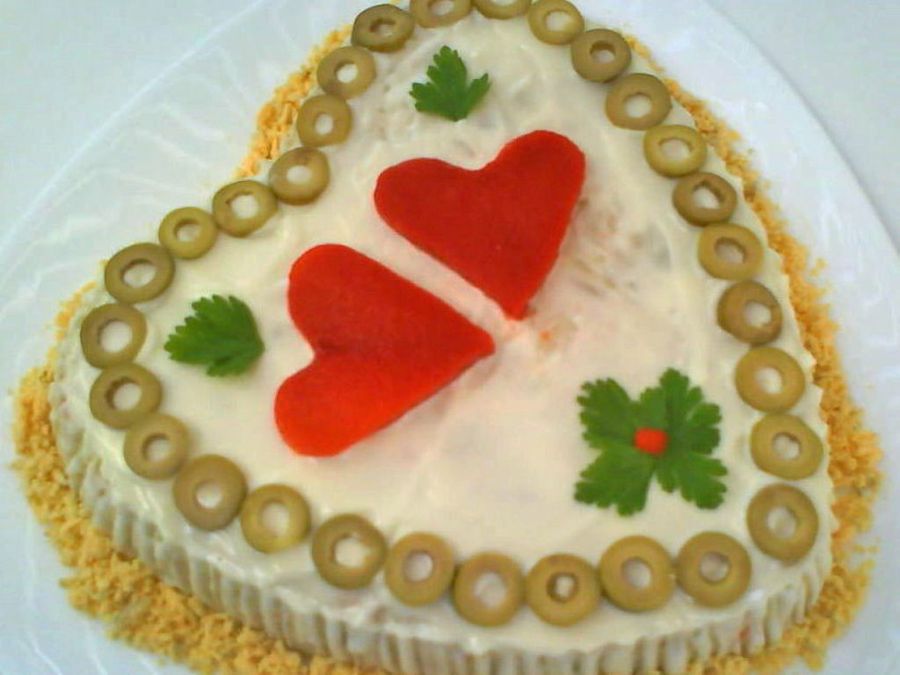 Ensaladilla corazón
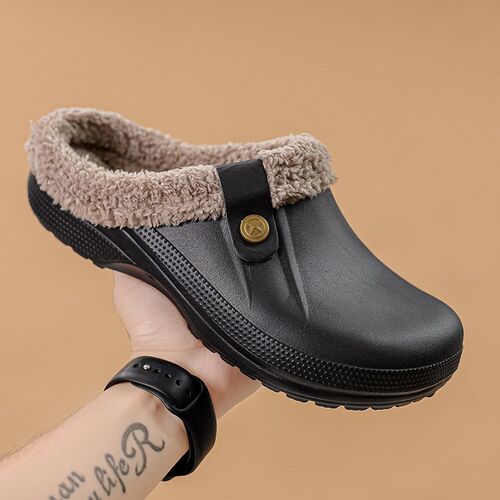 2025 Men And Women Couple Style Mammoth Wool Cotton Slippers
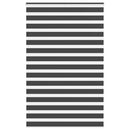 zebragardin sort 150x230 cm stofbredde 145,9 cm polyester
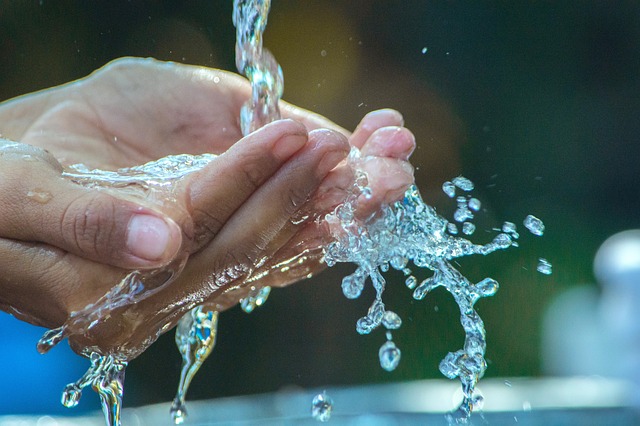 camping toiletries and hygiene - washig hands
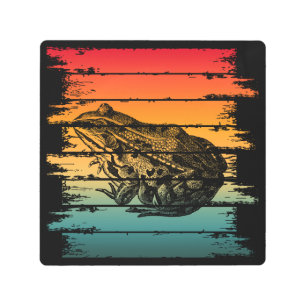 VINTAGE FROG METAL PRINT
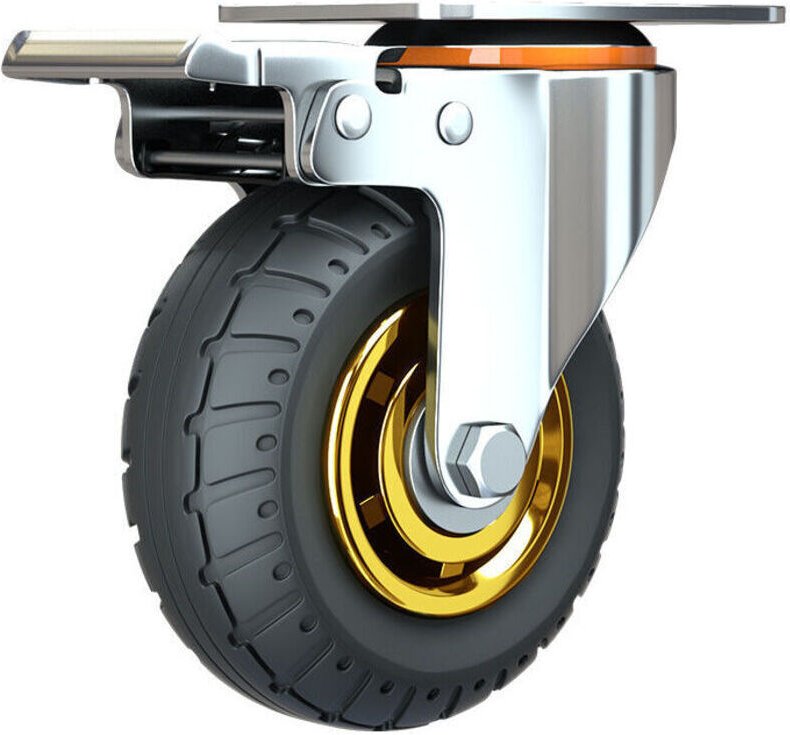 Lenkrolle, 3-Zoll-Universalrad ohne Bremsen, geräuscharme Transportrollen, 75-mm-Lenkrollen, Industrierollen, Transportr...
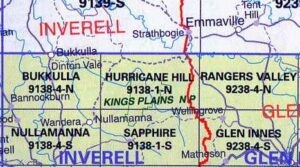 Hurricane Hill 9138-1-N NSW Topographic Map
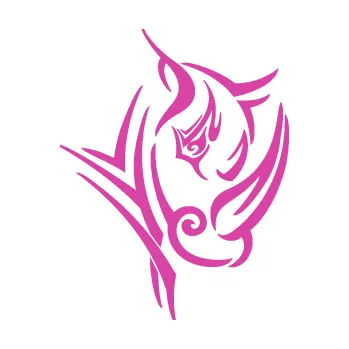 Samolepící dekorace Nosorožec 003 hlava pravá (16 - růžová) SAMOLEPKA NA AUTO, NÁLEPKA, FÓLIE, POLEP, TUNING, VLASTNÍ TEXT, TISK, AUTOSAMOLEPKY.cz, POLEPY, OBRÁZEK, LOGO, 3D STICKERS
• • • •
▸ **EXERCISE DESCRIPTION**
Reproduce the data above in full, exactly, with the images removed.

▸ **REPLY**
 Ensaladilla corazón
 2025 Men And Women Couple Style Mammoth Wool Cotton Slippers
 zebragardin sort 150x230 cm stofbredde 145,9 cm polyester
 camping toiletries and hygiene - washig hands
 VINTAGE FROG METAL PRINT
 Lenkrolle, 3-Zoll-Universalrad ohne Bremsen, geräuscharme Transportrollen, 75-mm-Lenkrollen, Industrierollen, Transportr...
 Hurricane Hill 9138-1-N NSW Topographic Map
 Samolepící dekorace Nosorožec 003 hlava pravá (16 - růžová) SAMOLEPKA NA AUTO, NÁLEPKA, FÓLIE, POLEP, TUNING, VLASTNÍ TEXT, TISK, AUTOSAMOLEPKY.cz, POLEPY, OBRÁZEK, LOGO, 3D STICKERS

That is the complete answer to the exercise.